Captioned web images
☆ ☆ ☆ ☆ ☆ ☆ ☆
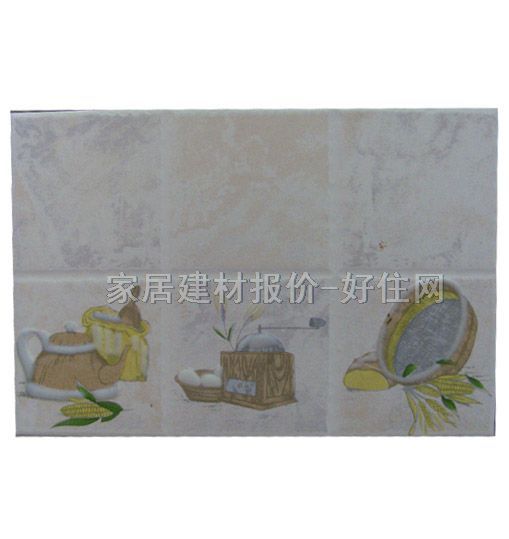 ���u��Ƭ 2-3LY8021A3M 200��200mm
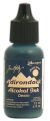 Ranger Tim Holtz Adirondack Earthtones Alcohol Ink Denim 1 Pack of 6 Piece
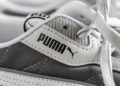 puma-aktie-rutscht-weiter-ab-–-experten-warnen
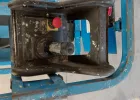 Genie - Scissor lifts - V40893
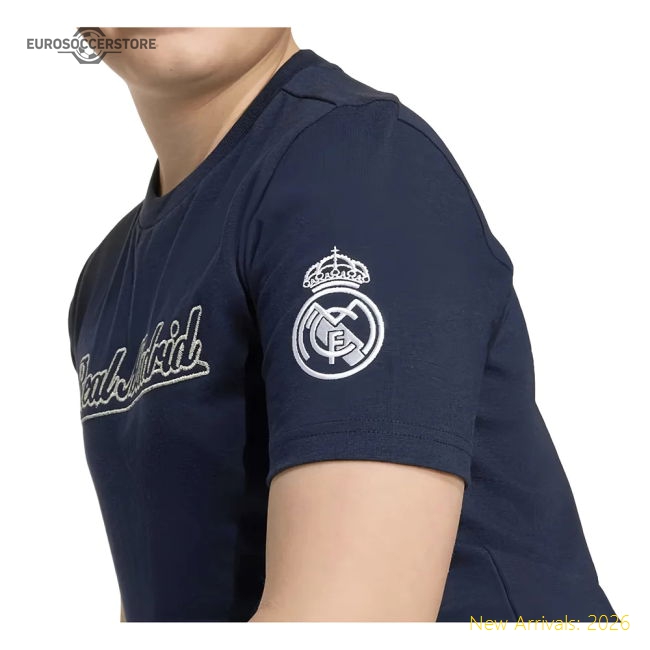 Gentle Kids Football Team Jersey 2025-2026 Soft-touch Drycell
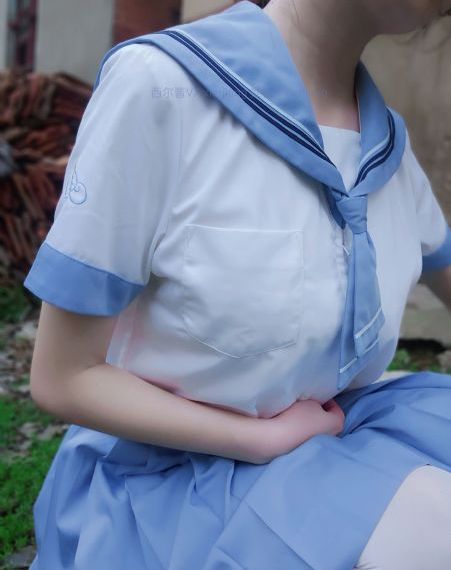 女邻居丰满奶水hd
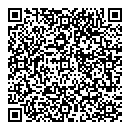 QR код "Хозтовары"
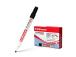 Tahvlimarker ERICH KRAUSE must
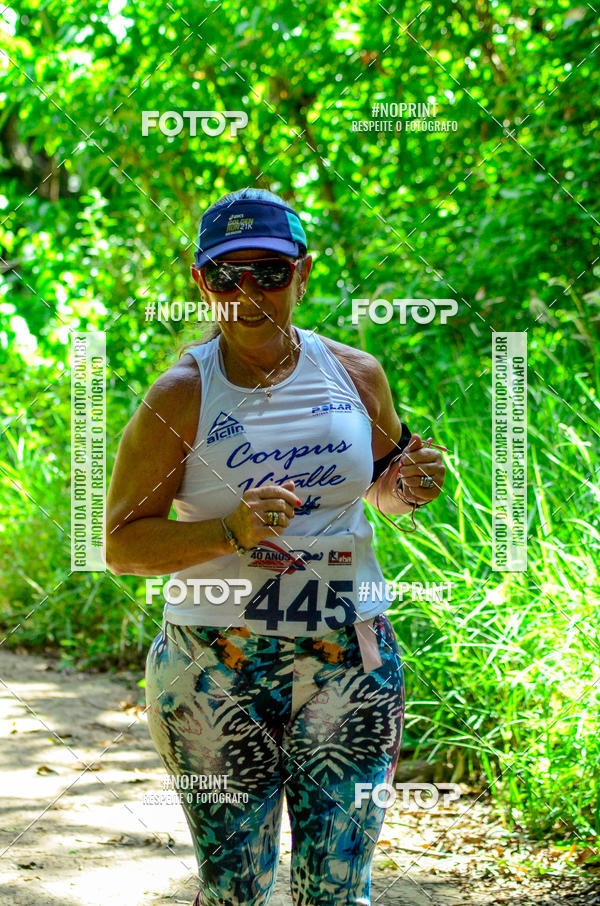 Buy your photos of the eventVIII Volta ao Parque de Pitua�u AVAB on Fotop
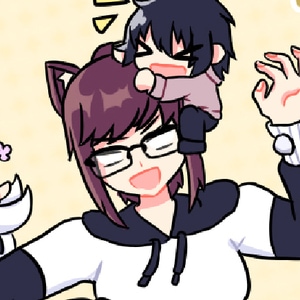 Cap. 1- "Primer día"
☆ ☆ ☆ ☆ ☆ ☆ ☆
### WHAT YOU NEED TO DO
Retype the records above exactly, starting at the line that contains "Gentle Kids Football" and going through the last line, and leave out any pictures.

### ANSWER FOR THE TASK
 Gentle Kids Football Team Jersey 2025-2026 Soft-touch Drycell
 女邻居丰满奶水hd
 QR код "Хозтовары"
 Tahvlimarker ERICH KRAUSE must
 Buy your photos of the eventVIII Volta ao Parque de Pitua�u AVAB on Fotop
 Cap. 1- "Primer día"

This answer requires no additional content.